È un utile monitoraggio per mantenere sotto controllo tutte le caratteristiche e di conseguenza ci permette dove è possibile di intervenire per correggere il tiro, magari intervenendo nell'impostazione dei mix.
In sostanza vale la pena di capire in che direzione si sta andando e quale era la provenienza per pianificare poi le successive azioni.
L'analisi dei reclami ad esempio quando arriva non coglie di sorpresa, e credetemi quando si è immersi nel quotidiano ci si accorge dei cambiamenti delle caratteristiche confrontando le analisi di pochi giorni, ma non si ha la visione di cosa è cambiato da un mese fa, ad esempio mi è arrivata giorni fa un reclamo che suonava più o meno così:" l'assorbimento è calato di un punto e mezzo in percentuale da circa un mese fa pur rimanendo all'interno del range che prevede la specifica mi crea dei problemi". Non mi ha colto impreparato, non ho risposto" vado a verificare i dati ...poi la richiamo" avevamo già messo in moto l'azione correttiva compatibilmente con i diversi aspetti, poi chiaramente non sempre è possibile intervenire.
Tutti sanno come è importante la costanza di caratteristiche per una farina, oggi la battaglia per la qualità si gioca soprattutto a questo livello.

Un protocollo unico

Non ho volutamente parlato delle altre apparecchiature (farinografo, estensografo, reofermentometro) manca chiaramente il tempo e lo spazio all'interno di questi incontri dove purtroppo questi sono sempre piuttosto limitati, potrebbero essere a mio avviso argomento magari per altri incontri.
Quello che mi premeva sottolineare era che le discrepanze tra i vari laboratori è dovuta a due tipi di problematiche:
- una maggior rigorosità sulla metodica da parte degli operatori addetti alle analisi reologiche che spesso improvvisano a piacimento;
- una metodica più leggibile e più facilmente interpretabile da parte dei costruttori delle suddette apparecchiature, poiché in sostanza ci sono delle parti bianche delle istruzioni dove si lascia spazio all'interpretazione soggettiva.

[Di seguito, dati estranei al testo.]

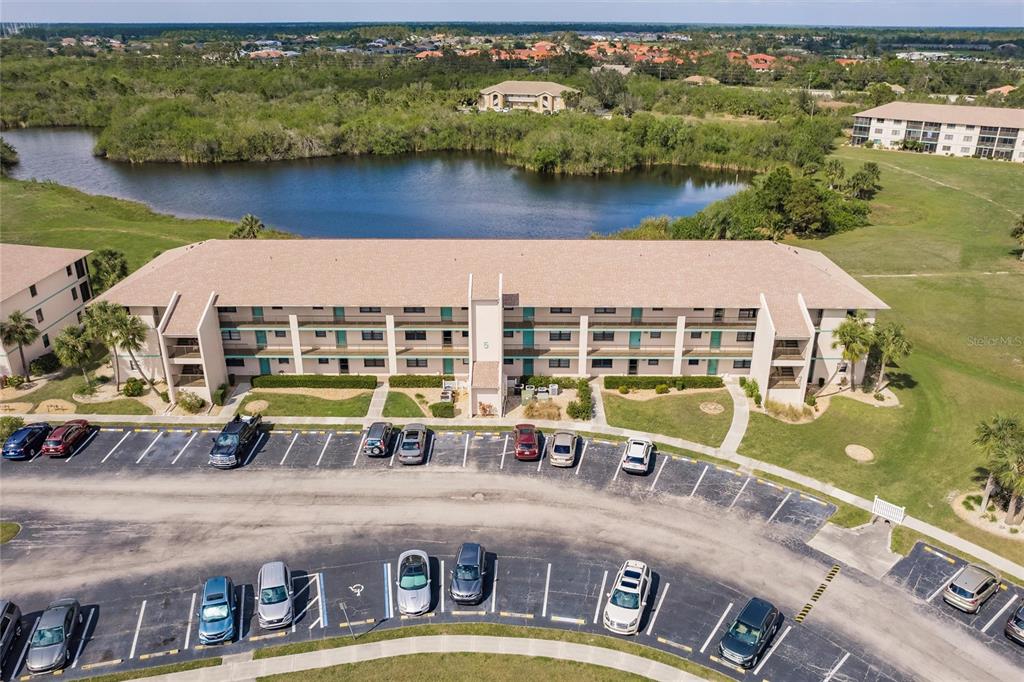 An aerial view shows a multi-story apartment building with a parking lot and a lake — 175 KINGS HIGHWAY UNIT 538, PUNTA GORDA, FL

C'è la necessità di unificare le varie metodiche di macinazione sperimentale del grano in laboratorio attraverso un protocollo unico.
Ed infine vi è la necessità che il Ring Test intrapreso in ambito Italmopa non sia solamente un confronto sterile di risultati, ma sia anche un'occasione di incontro tra i vari partecipanti per analizzare i dati che in qualche maniera escono dalle curve medie che si ricavano dagli istogrammi riassuntivi (grafici 1,2,3,4).